What a Microsoft Acquisition of Yahoo Would Mean For Photos

Media Center Pictures

Well two days ago, in light of the woes coming from Yahoo’s earnings conference call, I suggested that maybe now was just the time to pack it up and sell the ship to Microsoft, and it seems like somebody decided to take my advice. Only joking of course.

This morning it looks like Microsoft has offered a $44.6 billion buyout offer for Yahoo! — which makes all the sense in the world for so many reasons. I’m not going to get into all of those reasons, just read Steve Ballmer’s letter for all that. Instead what I’m going to write about today is just what a Yahoo acquisition would mean for one particular area, photography.

1. Flickr comes out a clear winner. Already king of photography at Yahoo after swallowing Yahoo Photos, there is no question that Flickr would become the photosharing site of choice for Microsoft. It would be one of the crown jewels of an acquisition in fact.
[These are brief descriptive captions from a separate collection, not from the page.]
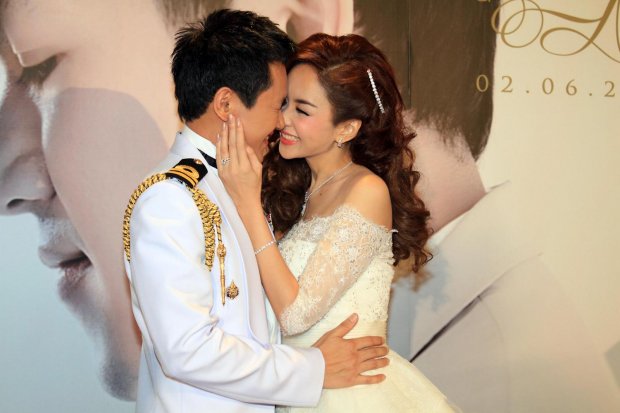 งานฉลองแต่งงาน เป้ย ป๊อบ งานแต่งงาน เป้ย ป๊อบ แต่งงาน เป้ย ป๊อบ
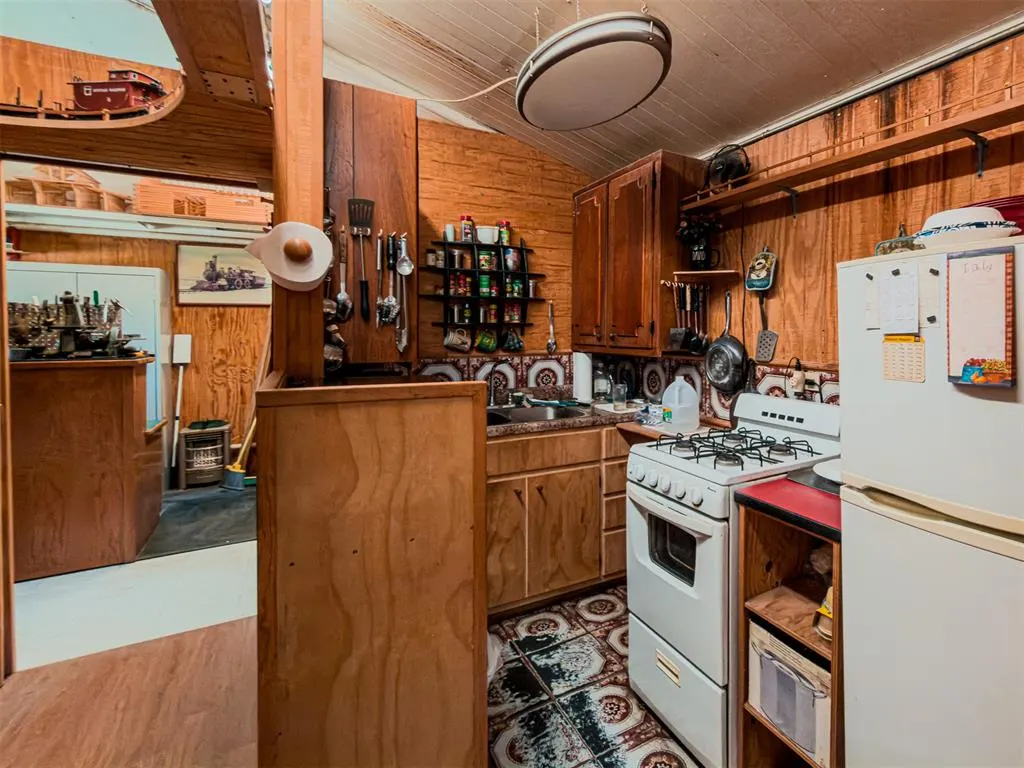 Photo 6 — 27115 W County Road 1442 Road, Cement, OK 73017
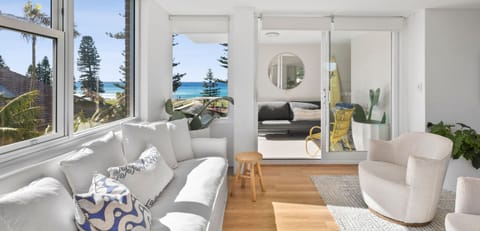 Beautiful Natural light at Salty Pines.
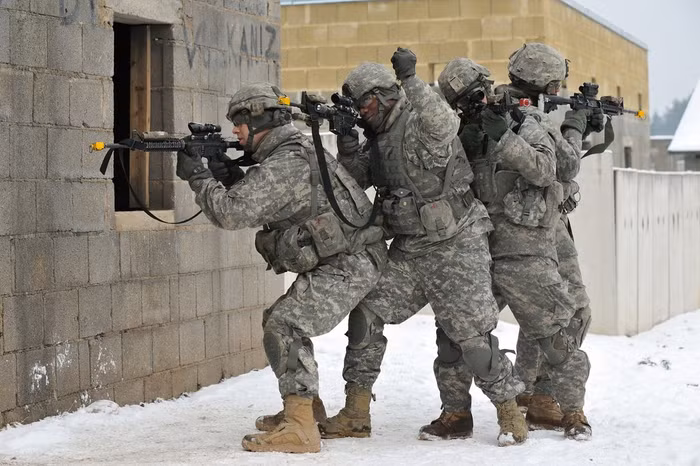 Tập trận chiến thuật.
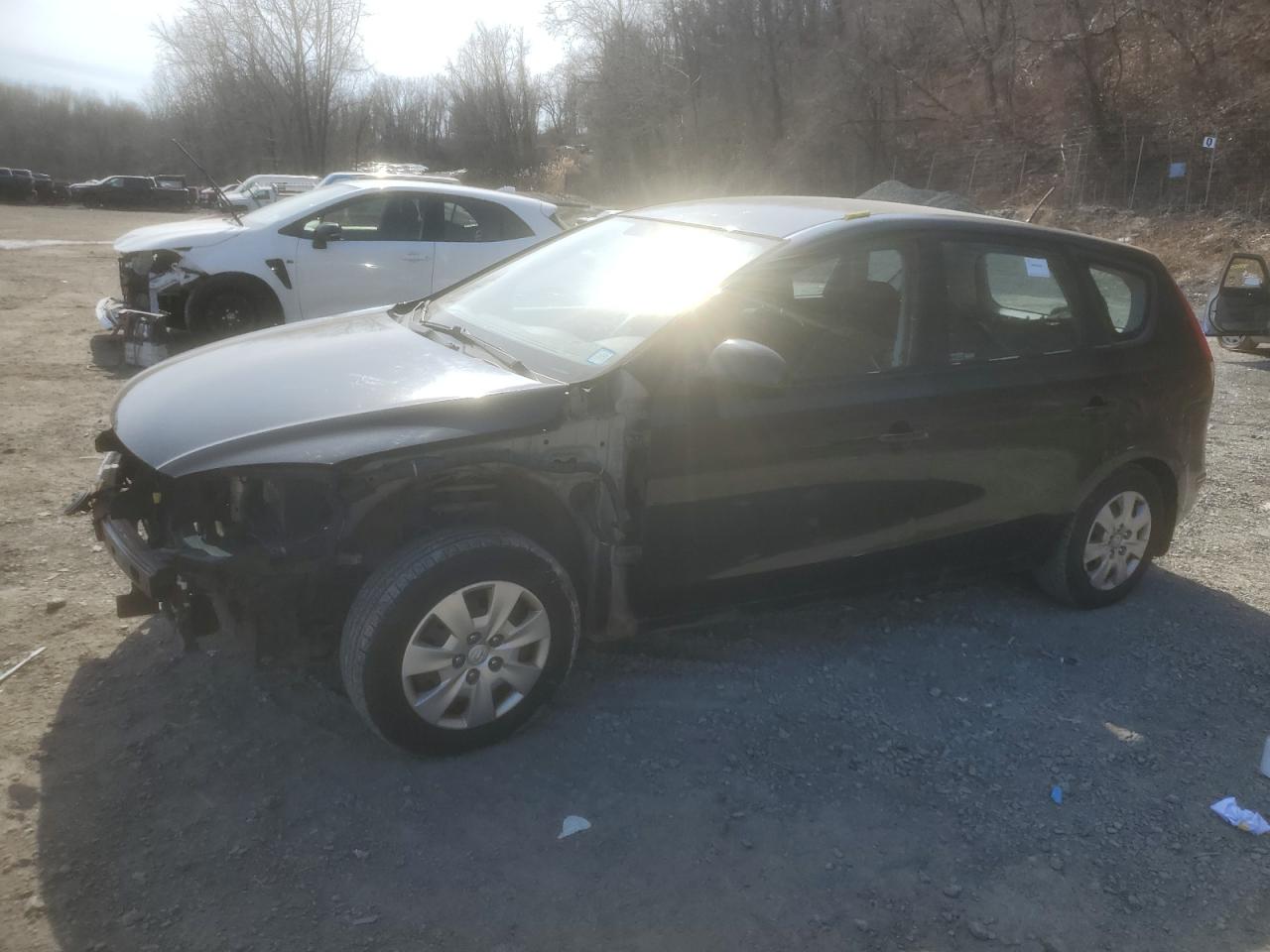 2012 Hyundai Elantra Touring Gls იყიდება Marlboro-ში, NY - Front End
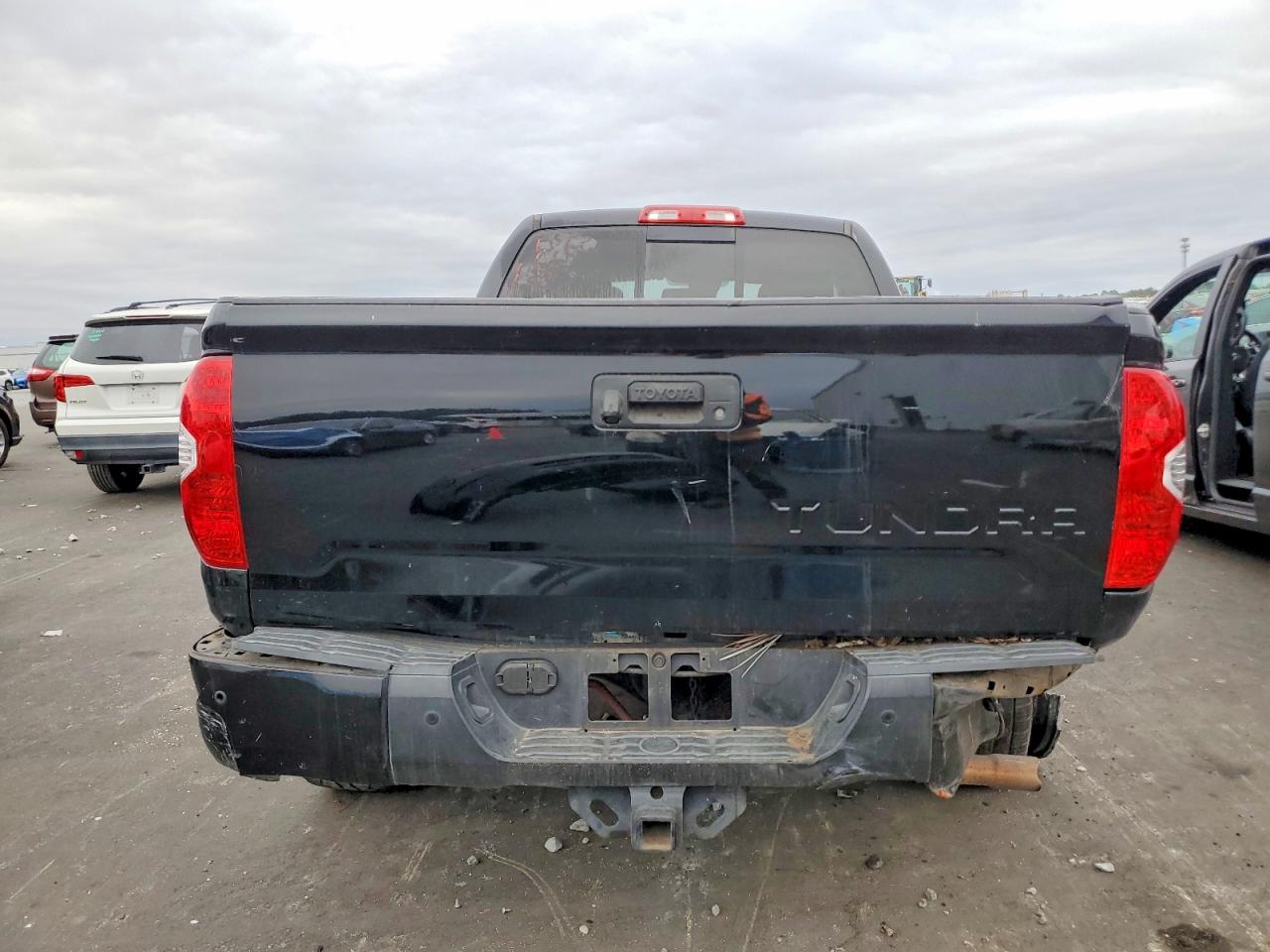 2018 TOYOTA TUNDRA SR5 photo 6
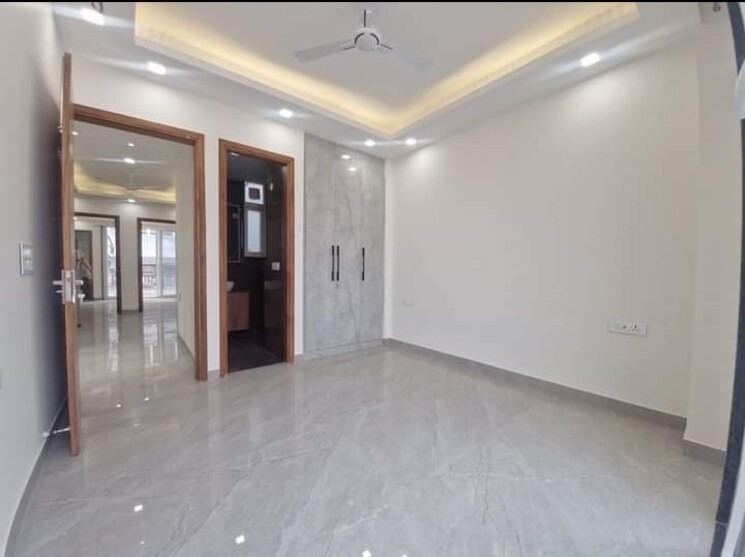 Room, sector 52 3 Bedroom 263 Sq.Yd. Builder Floor In Sector 52 Gurgaon 7870810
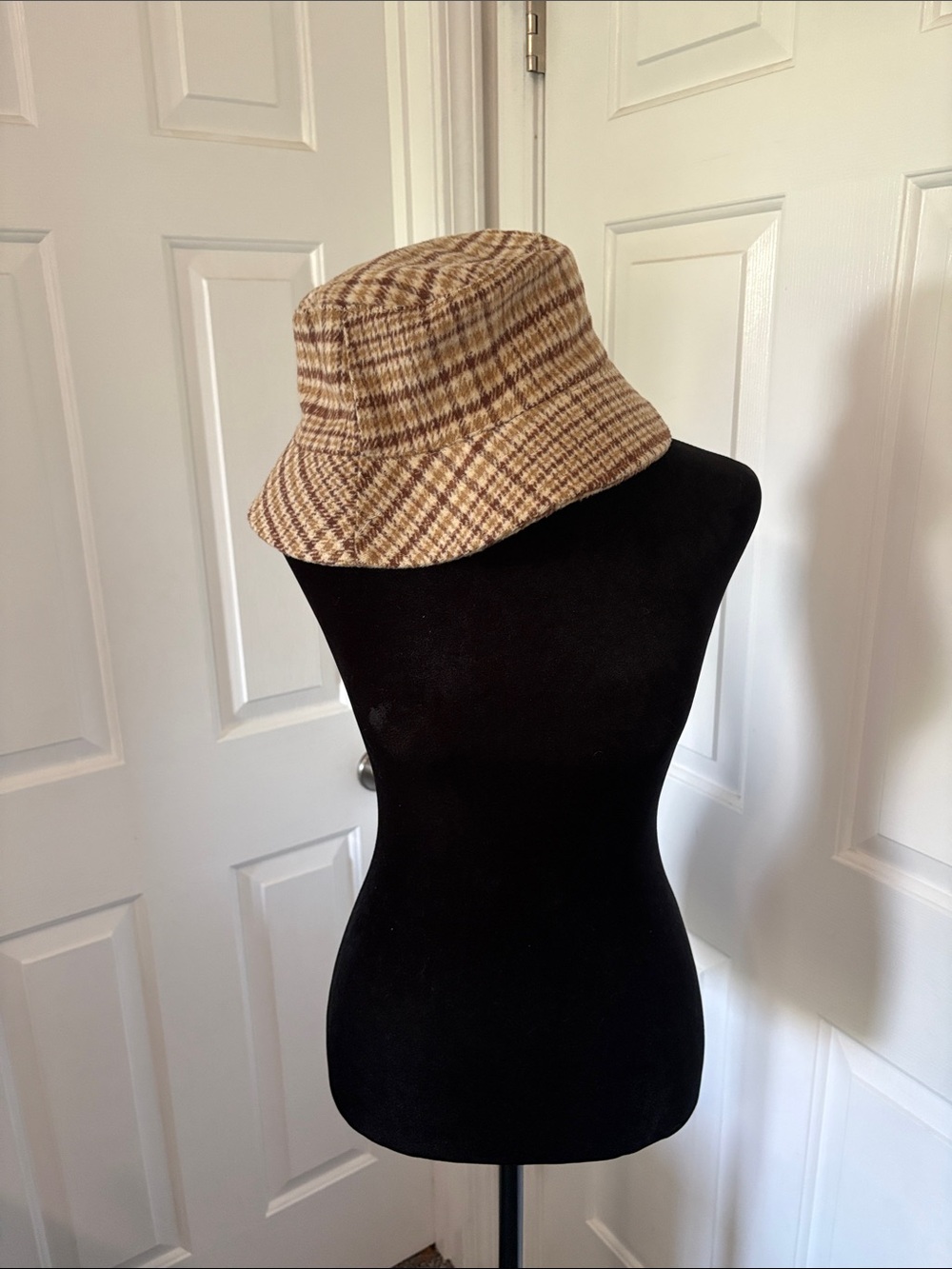 David and Young Plaid Bucket Hat in Tan and Cream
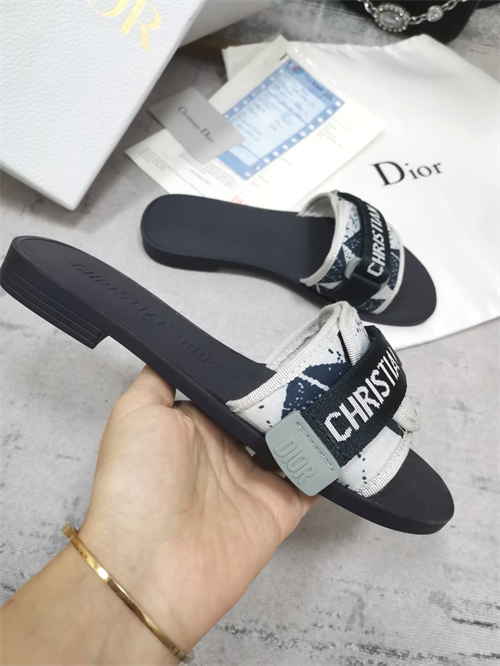 Dio Slipper detail 5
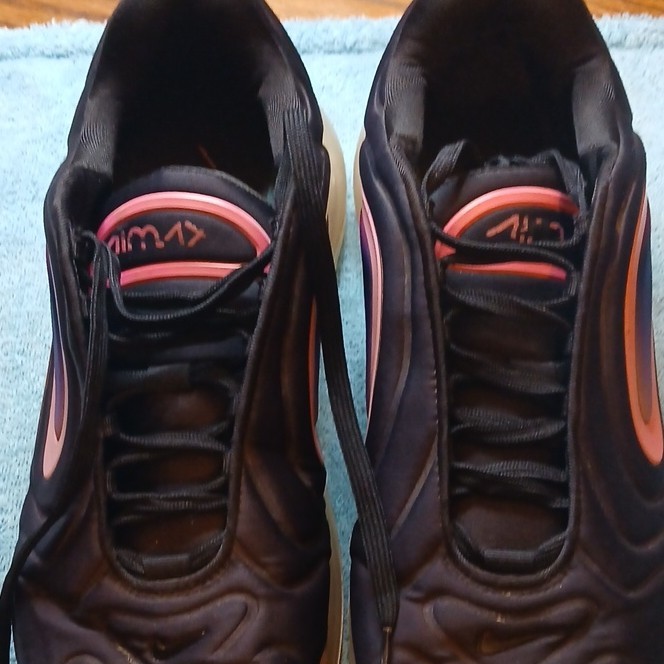 Nike Air Max 720 Black Pink Blast AO2924-005 Low Top Sneaker Men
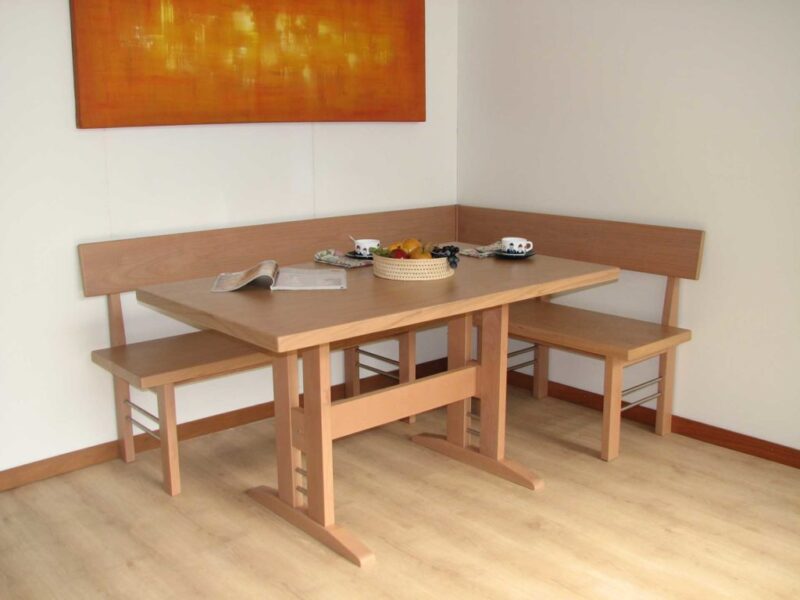 panca e tavolo tulipano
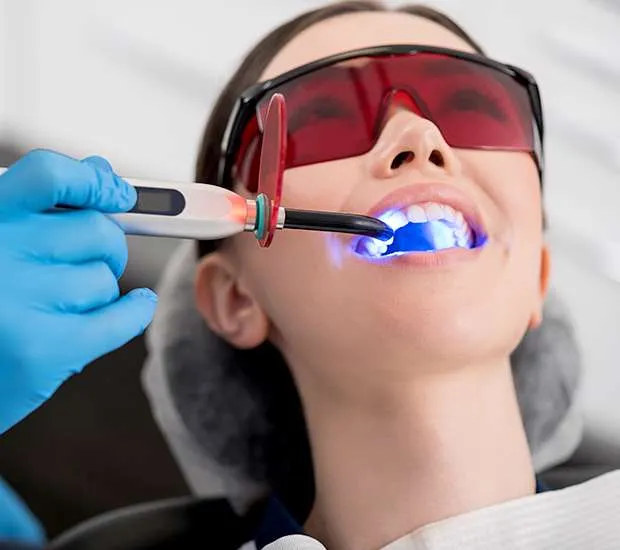 32212 foods and drinks that stain teeth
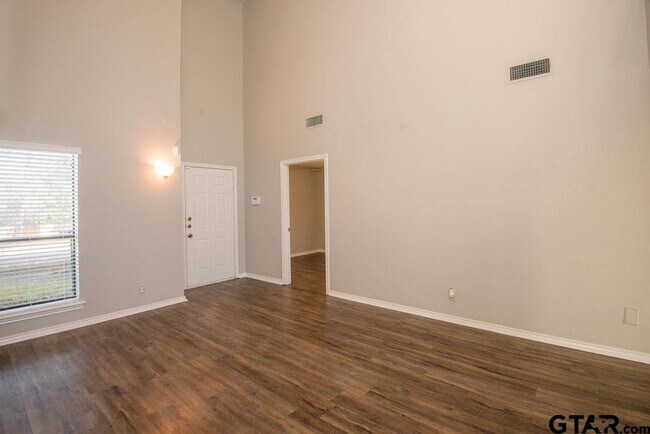 Building Photo - 5823 Hollytree Dr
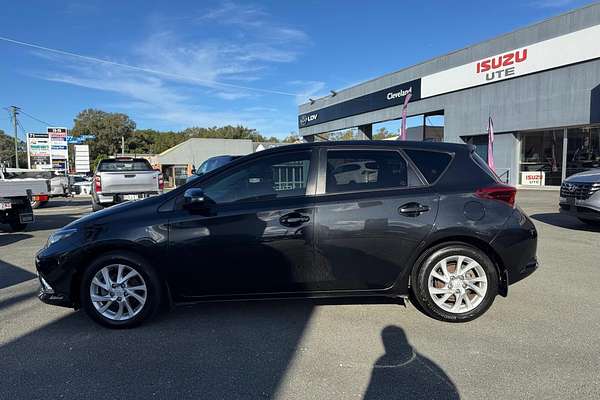 2017 Toyota Corolla Ascent Sport ZRE182R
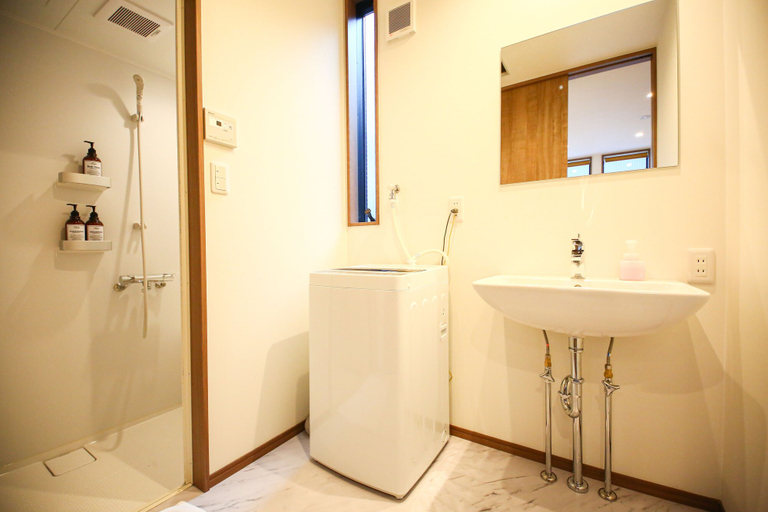 Bathroom 4, PrimeRoomBeppu Suite, Beppu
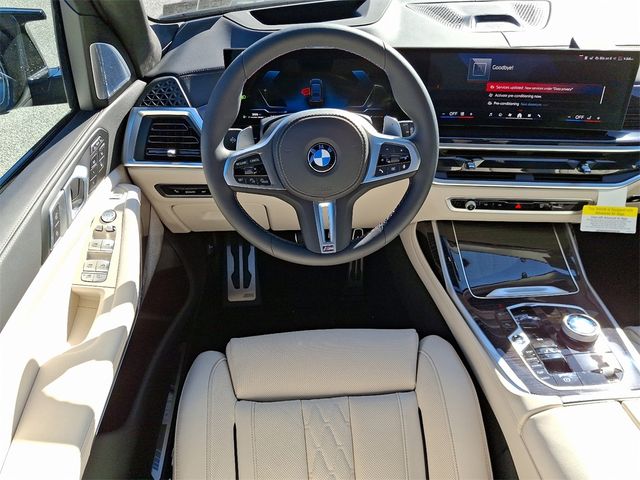 2025 BMW X7 M60i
More than just having more marketing muscle to push Flickr from an advertising perspective, Microsoft owns the desktop. By creating easy and convenient ways to publish your photos to Flickr directly from the Vista OS, Microsoft would push Flickr from an earlier adopter photogeek sort of site into the mainstream.

Vista already has introduced for the first time photo tagging to the masses, this would tailor well with Flickr whose photo site and especially photo search relies greatly on tagging.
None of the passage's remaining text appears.